Though the extent of the streamlining and cost-savings efforts have not been disclosed by the company, according to the source, Nomura is looking for a target of $750 million in annual cost savings. These savings would be added over the previous target of $1.2 billion of cost savings plan launched in the latter half of 2011, which also included 1,000 layoffs.
Based on the downfall in earnings in fiscal first quarter 2013 and the ongoing pressure in Europe, most of the job cuts will take place in Europe as well as in Asia and the Americas. Previously, Nomura acquired the European and Asian operations of the failed Lehman Brothers in 2008, while it established its own operations in the United States.
Since the first quarter, Wholesale revenues for Nomura were driven by Fixed Income, which prompted the company to plan moving some resources to fixed income to increase profitability.
Among the U.S. banks, which are sailing on the same boat as Nomura, Morgan Stanley (MS - Analyst Report) laid off 2,935 employees in 12 months ended March 31, 2012 as part of its cost-cutting efforts.

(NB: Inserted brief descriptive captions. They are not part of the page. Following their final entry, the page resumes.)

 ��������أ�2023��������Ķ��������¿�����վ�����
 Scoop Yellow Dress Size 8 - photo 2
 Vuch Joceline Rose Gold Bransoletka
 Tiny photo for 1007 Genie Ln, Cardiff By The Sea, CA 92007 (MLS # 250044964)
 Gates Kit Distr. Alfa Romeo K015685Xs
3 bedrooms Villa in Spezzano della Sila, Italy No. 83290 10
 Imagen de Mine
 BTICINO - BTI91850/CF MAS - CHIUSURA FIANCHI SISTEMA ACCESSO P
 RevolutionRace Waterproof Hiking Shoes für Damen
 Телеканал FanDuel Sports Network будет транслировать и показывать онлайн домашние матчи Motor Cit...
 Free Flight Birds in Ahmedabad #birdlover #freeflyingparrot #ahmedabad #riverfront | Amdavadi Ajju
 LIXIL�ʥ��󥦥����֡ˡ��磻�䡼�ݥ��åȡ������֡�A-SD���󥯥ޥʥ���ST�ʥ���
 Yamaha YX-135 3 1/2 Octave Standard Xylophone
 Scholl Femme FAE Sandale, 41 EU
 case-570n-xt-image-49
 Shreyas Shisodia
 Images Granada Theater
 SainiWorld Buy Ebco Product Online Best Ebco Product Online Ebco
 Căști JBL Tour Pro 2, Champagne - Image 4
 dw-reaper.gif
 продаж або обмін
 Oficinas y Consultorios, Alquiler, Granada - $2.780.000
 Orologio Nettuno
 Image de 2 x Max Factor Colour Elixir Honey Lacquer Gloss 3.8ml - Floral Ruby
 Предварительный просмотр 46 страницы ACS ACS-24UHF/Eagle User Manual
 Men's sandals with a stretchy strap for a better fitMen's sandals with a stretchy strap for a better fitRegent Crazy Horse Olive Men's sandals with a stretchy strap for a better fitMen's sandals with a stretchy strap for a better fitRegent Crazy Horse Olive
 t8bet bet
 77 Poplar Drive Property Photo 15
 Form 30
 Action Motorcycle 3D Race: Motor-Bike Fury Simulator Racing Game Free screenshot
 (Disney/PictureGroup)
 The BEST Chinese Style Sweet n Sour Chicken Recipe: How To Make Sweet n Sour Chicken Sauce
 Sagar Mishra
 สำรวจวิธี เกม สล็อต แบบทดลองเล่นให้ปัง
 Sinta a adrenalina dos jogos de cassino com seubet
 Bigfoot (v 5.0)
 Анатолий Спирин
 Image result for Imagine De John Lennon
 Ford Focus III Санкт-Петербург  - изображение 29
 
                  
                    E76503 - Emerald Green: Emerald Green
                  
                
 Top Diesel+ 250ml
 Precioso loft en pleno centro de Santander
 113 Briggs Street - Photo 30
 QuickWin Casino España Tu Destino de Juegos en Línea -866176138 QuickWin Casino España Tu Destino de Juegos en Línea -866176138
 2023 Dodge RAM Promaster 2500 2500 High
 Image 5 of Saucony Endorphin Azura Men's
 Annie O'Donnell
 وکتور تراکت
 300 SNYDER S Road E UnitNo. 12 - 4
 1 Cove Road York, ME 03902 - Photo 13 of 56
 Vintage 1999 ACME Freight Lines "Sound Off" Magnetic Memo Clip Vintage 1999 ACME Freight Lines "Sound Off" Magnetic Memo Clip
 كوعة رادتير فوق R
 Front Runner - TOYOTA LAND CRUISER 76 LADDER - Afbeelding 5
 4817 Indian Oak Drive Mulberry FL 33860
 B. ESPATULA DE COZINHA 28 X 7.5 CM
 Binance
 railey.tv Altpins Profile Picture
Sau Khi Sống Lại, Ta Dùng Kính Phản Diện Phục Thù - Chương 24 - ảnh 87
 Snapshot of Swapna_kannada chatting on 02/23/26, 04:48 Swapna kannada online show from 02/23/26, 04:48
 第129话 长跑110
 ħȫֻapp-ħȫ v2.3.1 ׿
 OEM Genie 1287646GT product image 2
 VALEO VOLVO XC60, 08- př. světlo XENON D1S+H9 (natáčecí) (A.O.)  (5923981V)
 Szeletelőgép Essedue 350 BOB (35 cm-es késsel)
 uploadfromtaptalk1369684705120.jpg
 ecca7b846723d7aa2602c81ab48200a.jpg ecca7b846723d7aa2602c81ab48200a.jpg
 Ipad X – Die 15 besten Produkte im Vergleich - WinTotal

Majority of the banks worldwide are struggling to contain costs amidst the gloomy macro-economic factors and Eurozone crisis.
Banks including Citigroup, Inc. (C - Analyst Report), HSBC Holdings plc and The Royal Bank of Scotland Group plc (RBS - Snapshot Report) have also significantly trimmed down their workforce as part of their cost-cutting measures.
The near-term outlook of an economic recovery remains dismal. Moreover, the regulatory landscape is becoming stringent with the Federal Reserve’s new proposed rules that take into consideration both Basel III as well as the Dodd-Frank reforms. These proposed rules require banks to maintain higher capital ratios that will significantly alter their investment and lending capacities and dent the revenue prospects.
Consequently, banks will adopt rigorous cost-cutting measures to maintain a sound capital buffer in order to withstand any financial crisis. However, with numerous job losses, unemployment rate could worsen and put the economic recovery at stake.
In the current sluggish markets, which are marred by new regulations, the banks have resorted to downsizing in order to reduce expenditures. Moreover, concerns regarding the European debt crisis have added to their woes.
Overall, until revenue generation revives, a worsening cost-to-income ratio will continue to force many more banks to reduce their costs through job cuts as they need to maximize profits in order to boost capital ratios.
Nomura currently retains a Zacks #4 Rank, which translates into a short-term Sell rating.